Getting started with split testing
When planning to run a split test, it’s always better to have a structured and well-crafted plan to make efforts more profitable. Here’s how to create an effective split testing campaign.
Before building a split testing plan, it’s also better to conduct thorough research to understand the current performance of the page or element you’re planning to test. Collect all the relevant data using qualitative and quantitative data gathering tools around the test elements.
Observe and formulate hypothesis
Make keen observations around the gathered data and draw user insights to draft a data-backed hypothesis. Use the below-given hypothesis creation formula to write a good, thorough hypothesis. You must also test your hypothesis against various parameters, such as impact, confidence, and ease. Impact means the likeliness of your test to affect your key metrics positively. Confidence means how confident you are about your test’s winnings. Moreover, ease refers to how difficult or easy it will be to implement the hypothesis’s changes and run the test.

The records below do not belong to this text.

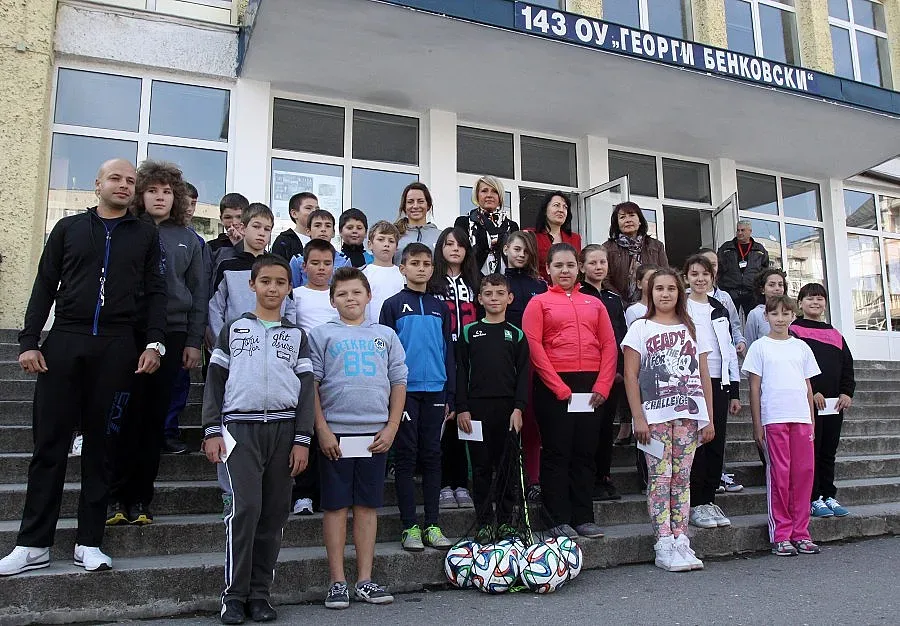 "Спортните чудеса" заведоха Сани Жекова при учениците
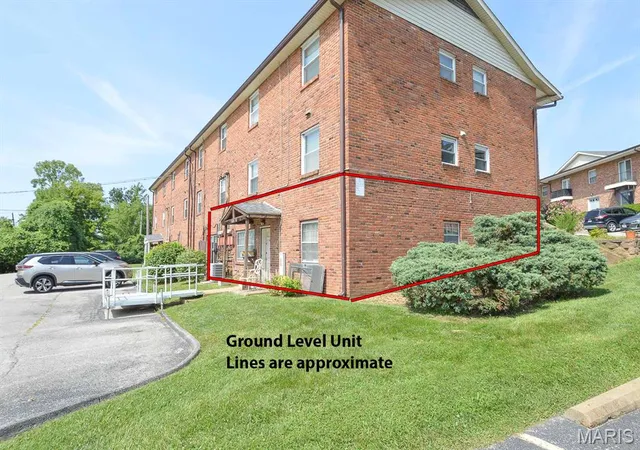 Photo 3 of Condo for sale at 6984 Colonial Woods Dr #50, Saint Louis, MO 63129 | MLS# MIS26053526 | Listing updated on 2026-09-14
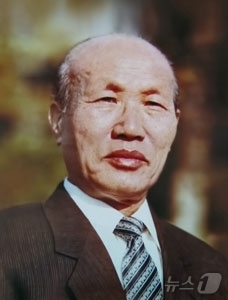(평양 노동신문=뉴스1) = 북한 노동당 기관지 노동신문은 17일 "당의 손길 아래 세계적인 대문호로 성장한 백인준의 삶과 업적이 주체문학예술사에 뚜렷한 자취를 남겼다"고 보도했다 …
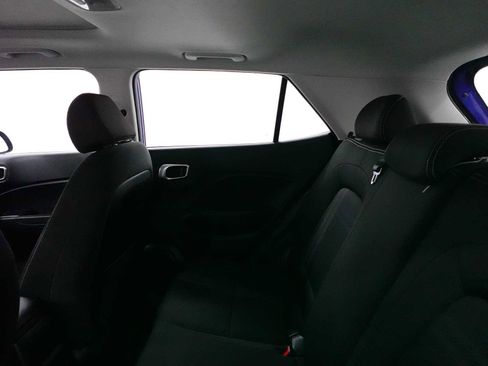 Used 2023 Hyundai Venue SEL image 28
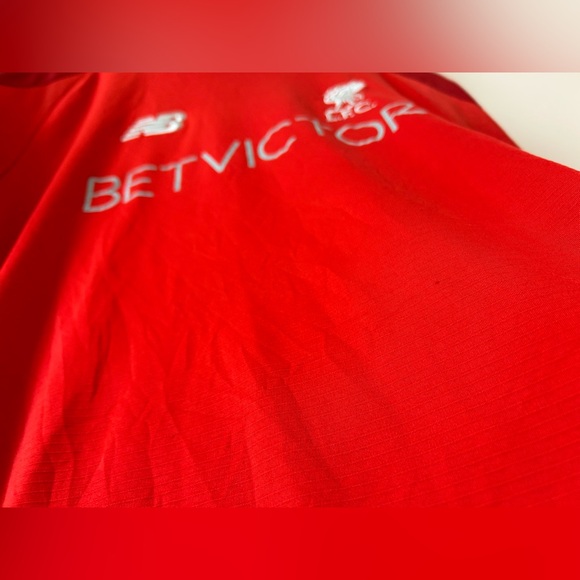 Vintage 2018 Liverpool FC ⚽️ New Balance Soccer Jersey LFC Betvictor EPL - Picture 10 of 15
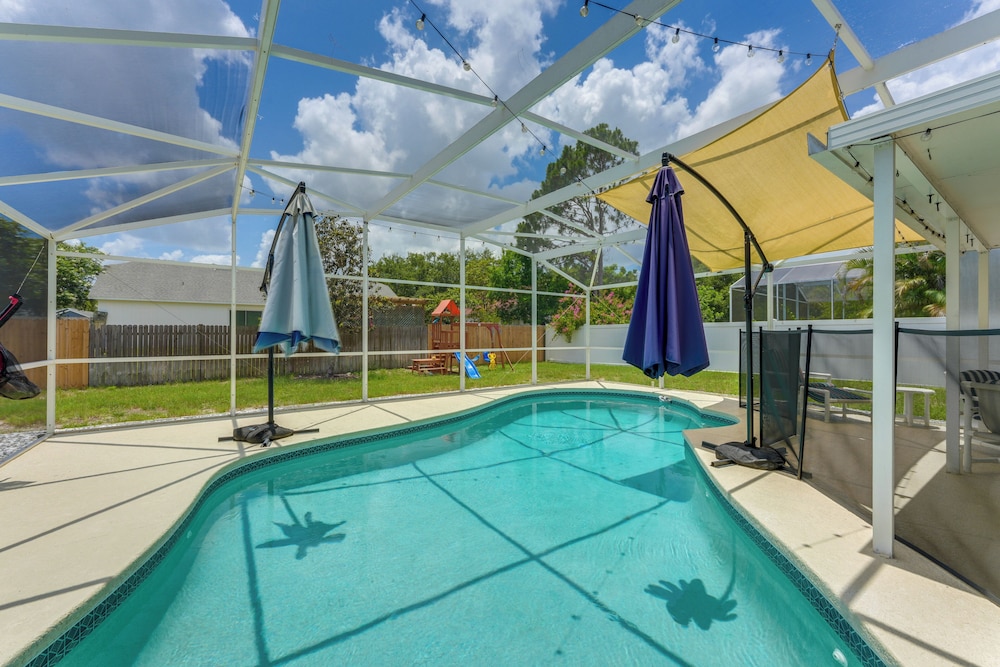 Swim, Golf & Explore: Family Gem in Davenport!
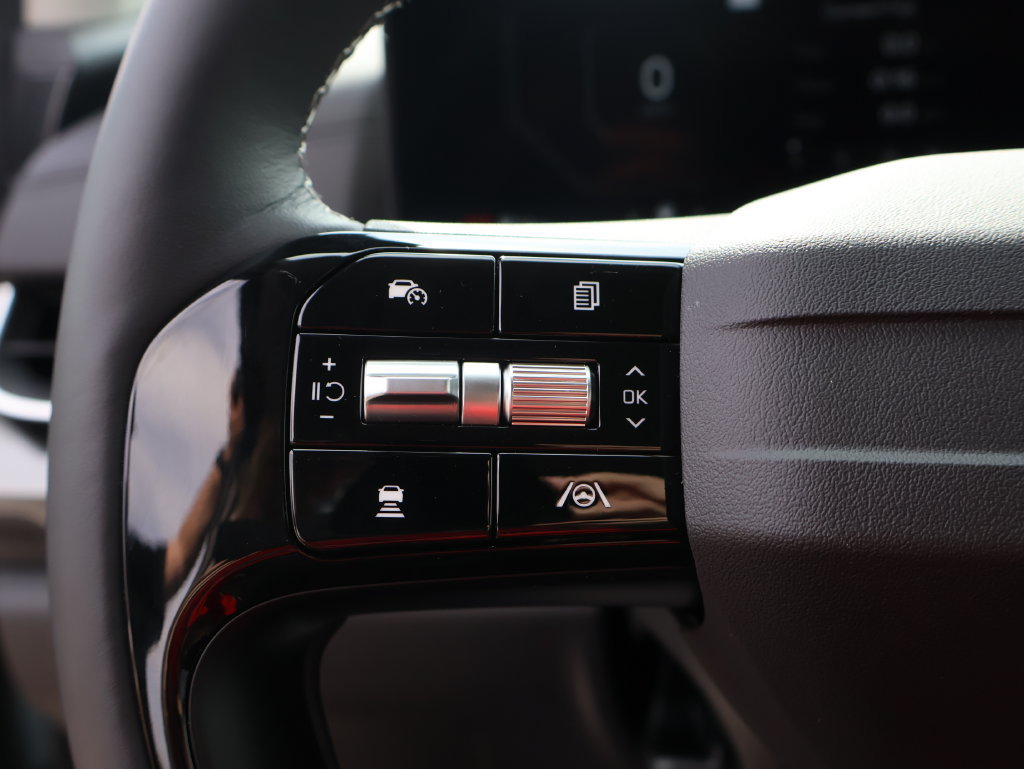 New 2027 Kia Carnival SX FWD image 23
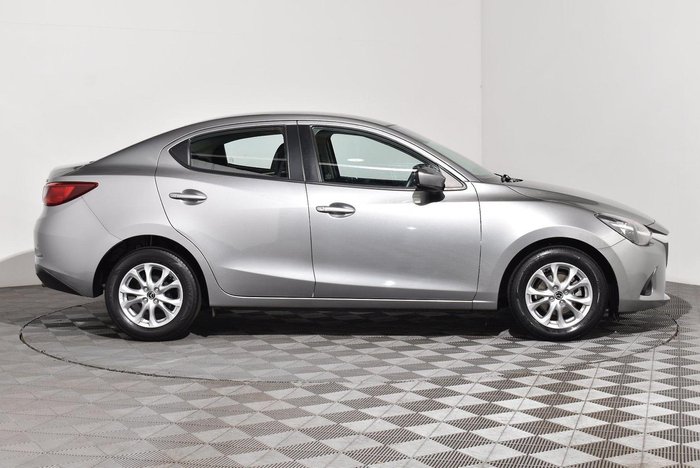2017 Mazda 2 Maxx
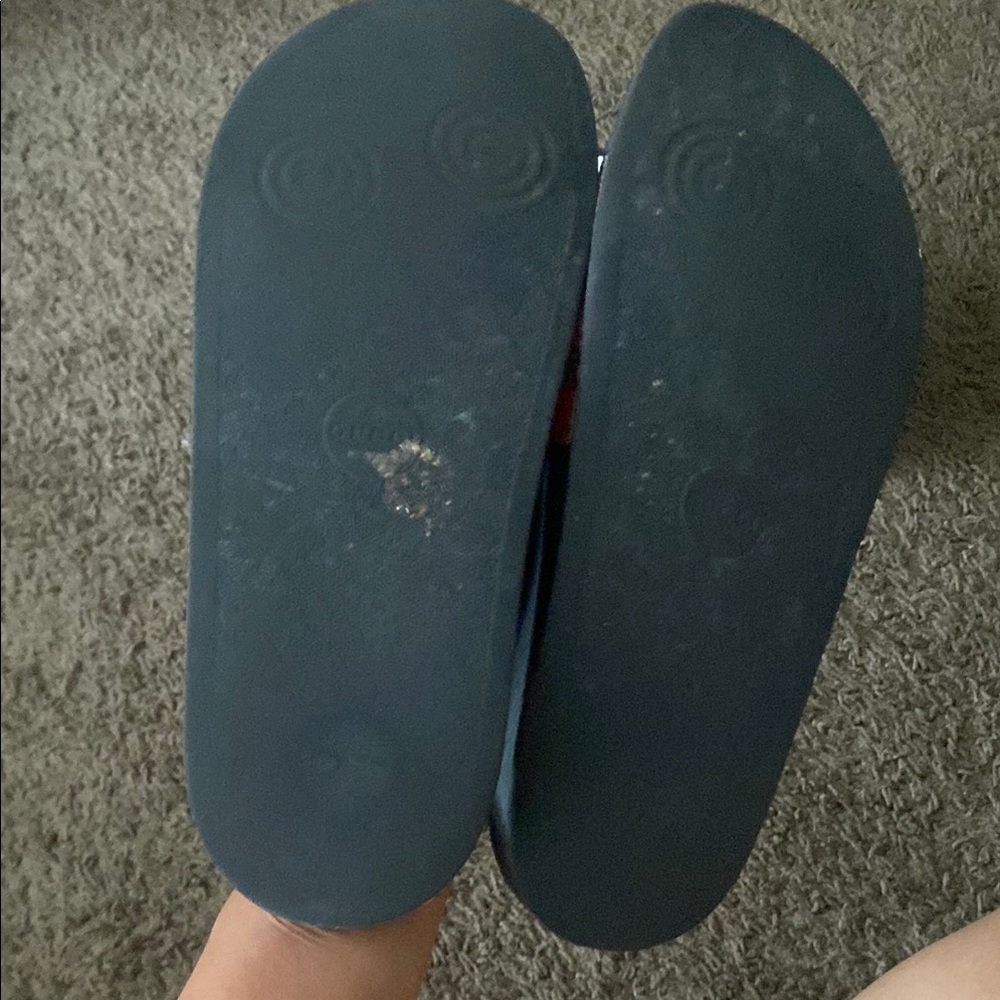 Gucci Strawberry Print Slides - Picture 2 of 5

After drafting a data-backed hypothesis, create variations. Use VWO Editor to create variations that you wish to test against the original version. A variation is another version of your original or current version with changes that you want to test.
Run the test
Once you’ve locked variations that you want to test, set up the test. Refer to our guide, how to create a test in VWO to quickly understand the process. Once done, kick off the test and wait for the stipulated time for the test to reach statistical significance. Please note that no matter what kind of test you run, let it complete its due course. If you stop the test in between, the chances of getting the wrong results will surely increase.
Result analysis and deployment
This is the step to analyze the results of the test. See if your variations have shown an uplift in the key metrics. In case your variation wins, implement the changes. Meanwhile, if your test loses, use the data to learn about your mistakes and make amendments.
How to choose a good split testing tool
When choosing a good testing tool, there are a couple of features and functions that you must consider. Look for an all-inclusive tool that’s intuitive and easy-to-use to develop new test versions and run tests as well. Make sure the tool you select enables you to:
- Gather and analyze qualitative and quantitative data and get in-depth information about how various business metrics are performing
- Run multiple tests in parallel but on isolated audiences to ensure none influences the results of one another
- Requires less technical support and is user-friendly
- Easily create hypotheses and test versions using its in-built tools
- Use multiple widgets for testing and adding popups, banners, or other prompts to generate leads
- Speedily access accurate results to understand whether or not your hypothesis will show positive results
- Quickly deploy tests and map results throughout the testing process
No website owner or experience optimizer should ever rest on their laurels. They must always look for improvements and optimization techniques to ensure their websites and related campaigns perform better and consistently increase business revenue. Split testing is a vital means of making changes based on data rather than assumptions. Leverage it now and in the future.